_Records for processing_:

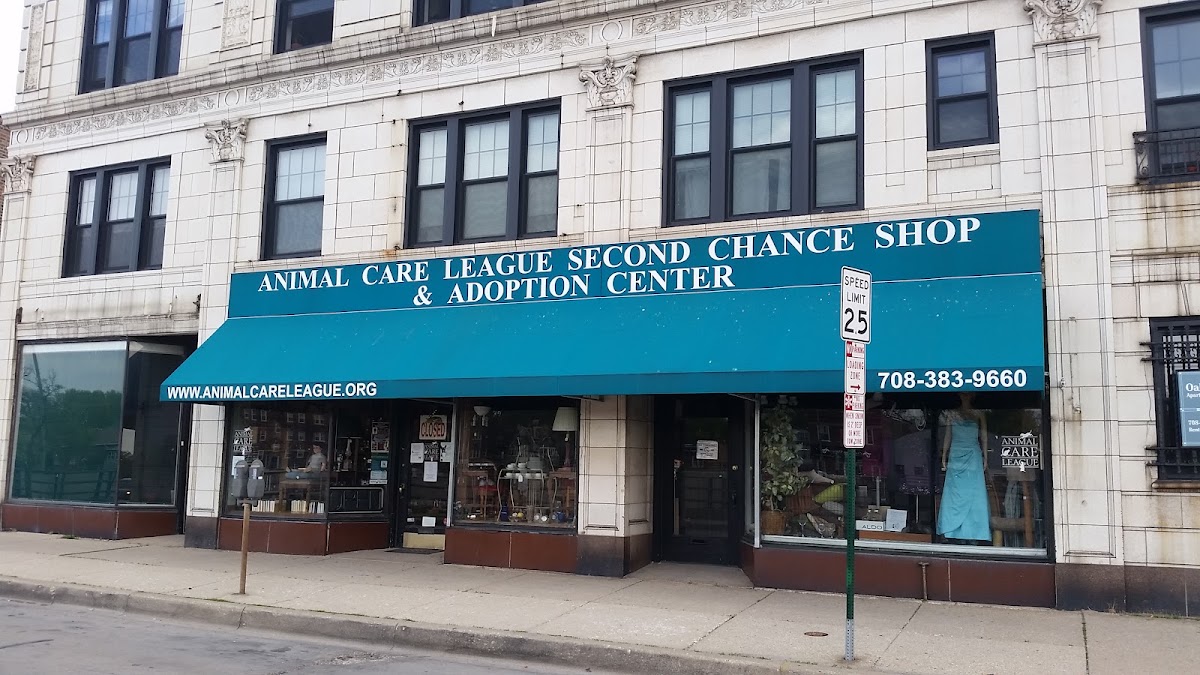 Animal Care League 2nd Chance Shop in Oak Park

--

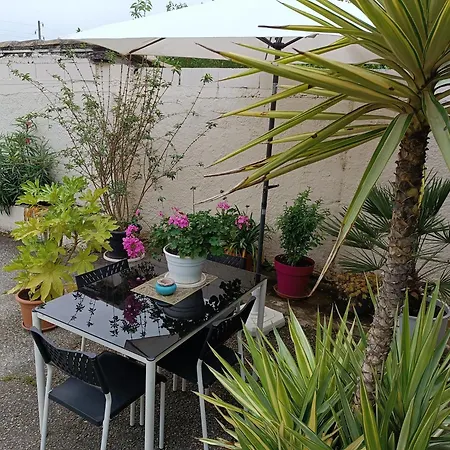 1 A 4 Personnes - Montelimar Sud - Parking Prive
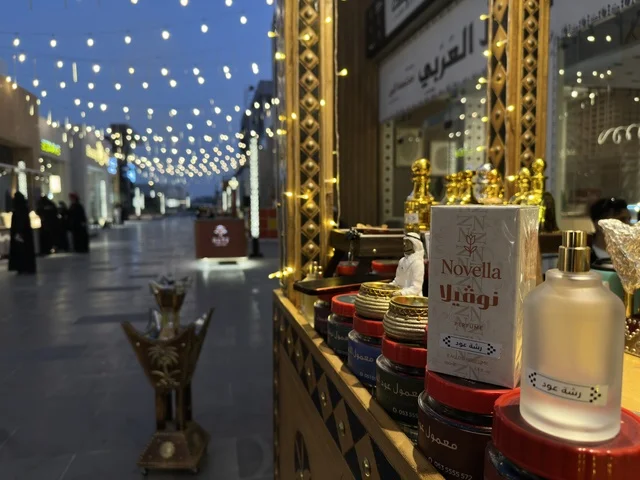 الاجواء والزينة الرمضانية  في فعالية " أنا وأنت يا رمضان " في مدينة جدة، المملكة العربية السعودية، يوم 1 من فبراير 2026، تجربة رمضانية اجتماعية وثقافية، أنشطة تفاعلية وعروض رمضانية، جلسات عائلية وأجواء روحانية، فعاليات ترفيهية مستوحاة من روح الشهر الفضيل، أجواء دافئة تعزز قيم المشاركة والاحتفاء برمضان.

_Problem_: For this exercise, please set down exactly the lines of the listing above from the line with "1 A 4 Personnes" up to and including the line with "الاجواء والزينة الرمضانية", and no pictures.

_Result of the exercise_:
 1 A 4 Personnes - Montelimar Sud - Parking Prive
 الاجواء والزينة الرمضانية  في فعالية " أنا وأنت يا رمضان " في مدينة جدة، المملكة العربية السعودية، يوم 1 من فبراير 2026، تجربة رمضانية اجتماعية وثقافية، أنشطة تفاعلية وعروض رمضانية، جلسات عائلية وأجواء روحانية، فعاليات ترفيهية مستوحاة من روح الشهر الفضيل، أجواء دافئة تعزز قيم المشاركة والاحتفاء برمضان.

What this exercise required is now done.